Trotz meiner Situation freue ich mich, denn mein Finder schlägt sich passabel. Kaum vorstellbar, wie ich hier mit einer herkömmlichen Kettenschaltung durchkommen würde. Ich bin bereits am zweiten Tourtag heilfroh, mich für eine gekapselte Schaltung entschieden zu haben. An die Pinionschaltung mit ihren 18 echten Gängen habe ich mich heute schon gewöhnt. Der Riemen fängt zwar Matsch und Dreck ein, das lässt sich aber schnell mit ein wenig Wasser aus einer Pfütze beheben. Etwas mehr Aufmerksamkeit benötigen die Scheibenbremsen. Diese machen nach dem tiefen Matschbad durch ein unangenehmes Geräusch auf sich aufmerksam. Eine Wasserflasche später laufen diese auch wieder ruhig. Ihre Bremskraft kommt sogar mit meinem hohen Beladungsgewicht spielend klar: Fahrrad und Gepäck wiegen ca. 55kg. Vor allem meine Kameraausrüstung trägt ihren Teil zum hohen Gewicht bei. Dies wird hier zum Balanceakt und ist im Matsch zweifellos die größte und anstrengendste Herausforderung. Kurze Zeit später stehe ich vor einem großen See. Dies ist eigentlich meine Straße: unpassierbar! Zweifelsfrei hätte ich auf die Ranger hören sollen. Doch was nun? Mich weiterkämpfen, ohne zu wissen, wie lange diese Bedingungen anhalten oder umkehren? Umkehren würde mich zu sehr demotivieren, ich will weiter und suche einen Weg!
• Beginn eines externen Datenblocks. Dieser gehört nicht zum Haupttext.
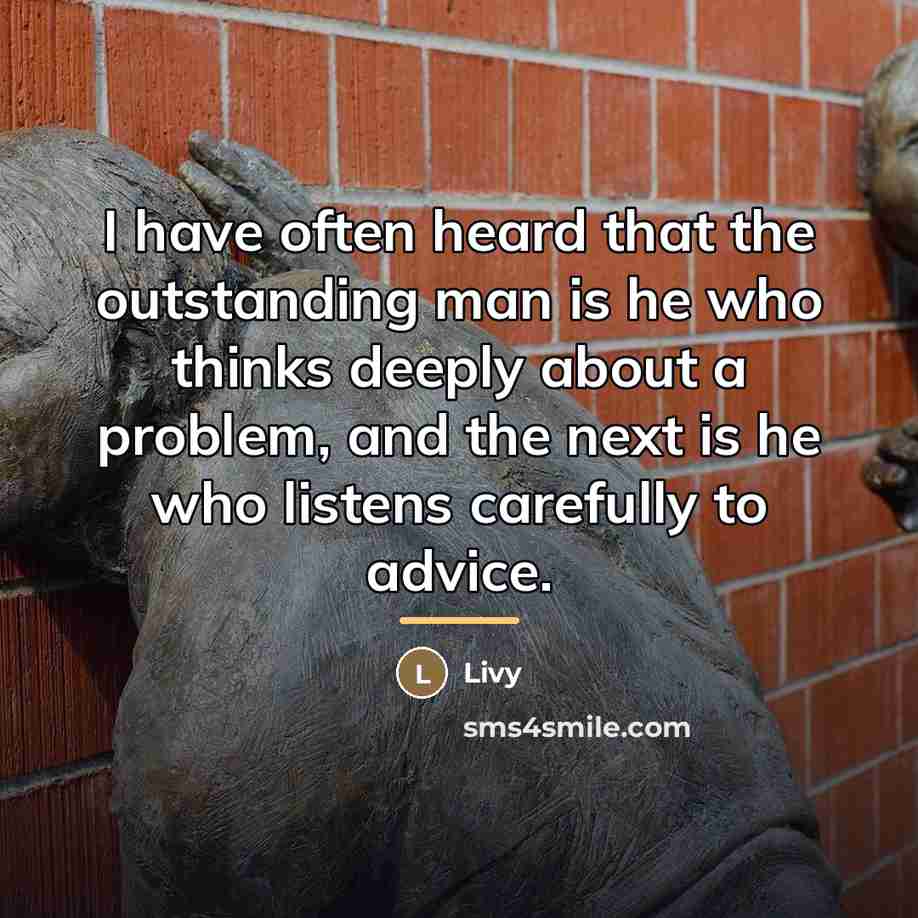 “I have often heard that the outstanding man is he…” quote by Livy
Diese Sumpflandschaft versperrt mir die Weiterfahrt. Ich finde glücklicherweise einen Umweg durch die bewachsene Moorlandschaft.
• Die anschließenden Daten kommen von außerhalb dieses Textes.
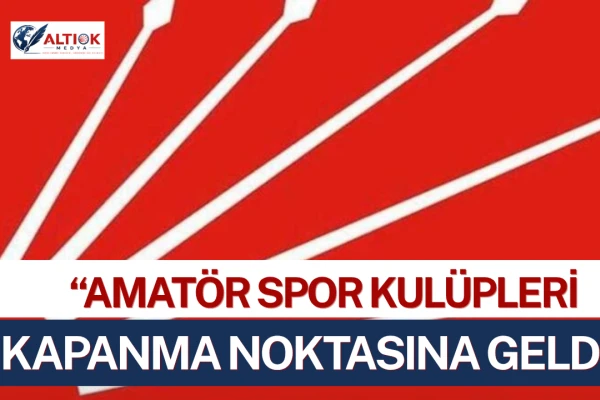 CHP Spor Kurulu’ndan TFF’ye Tepki: Amatör Spor Kulüpleri Kapanma Noktasına Geldi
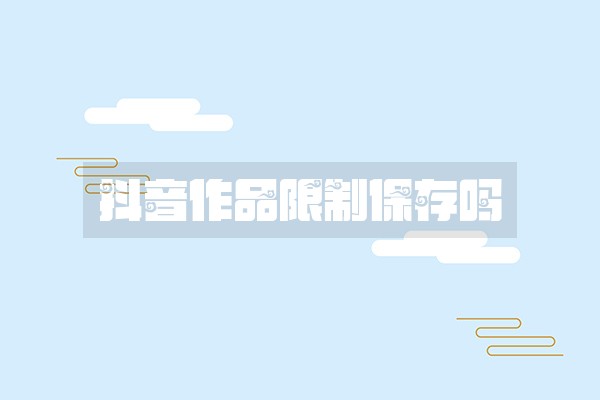 抖音作品限制保存吗 抖音作品限制保存吗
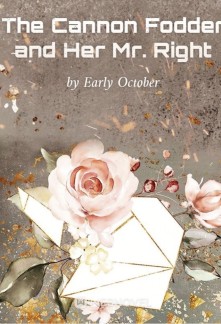 Read The Cannon Fodder and Her Mr. Right Online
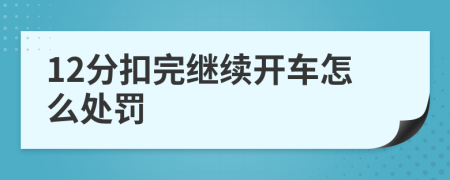 12分扣完继续开车怎么处罚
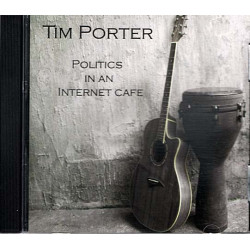 Politics in an Internet Cafe ~ Tim Porter ~ Rock ~ CD ~ Used VG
Um mich herum türmen sich die urigen Pflanzen der Paramolandschaft auf. Ein wenig erinnern mich diese an Kakteen. Doch im Gegensatz zu Wüstensand sind sie von einem Moor umgeben. Dieses Moor könnte mich um den See herumführen. Ich lasse mein Rad stehen und suche einen Weg zu Fuß. Trotz (zu kleiner) Überschuhe sind meine Klickschuhe nun komplett durchnässt. Nach ein paar Versuchen finde ich einen Weg durch das Moor zurück auf die Straße. Dieser Weg ist mit dem Fahrrad ein kleiner Marathonlauf. Das Gewicht meines Rads drückt sich bei jedem Schub ins Moor. Ich rolle das Fahrrad nicht, ich reiße und hieve es. Nach 15 Minuten habe ich die 30 Meter überwunden. Geschafft! Zehn Meter weiter erwartet mich derselbe Anblick, verdammt! Doch dieses Mal führt ein extrem schmaler Weg am Rand des nächsten Sees entlang. Das Rad im Wasser, ich auf dem Weg! Ich muss mich gegen mein Rad lehnen, um nicht selbst in dem See zu landen. Schritt für Schritt taste ich mich voran und schaffe es.

Eine halbe Stunde später stehe ich vor einer Abbiegung zurück in die “Zivilisation”. Ich entscheide mich, mir ein Hotel zu suchen, in dem mein nasses Zelt trocknen und ich in Ruhe meine Route überdenken und anpassen kann. Nach vier Stunden bin ich nun in einem Hotel. Trotz des anstrengenden Tages bin ich voller Motivation. Die Tour hat Spaß gemacht. Mein Fahrrad hat die Feuerprobe hervorragend gemeistert. Frisch geduscht und aufgewärmt freue ich mich auf die kommenden Wochen in den Anden Kolumbiens. Nun kann mich so schnell nichts mehr überraschen.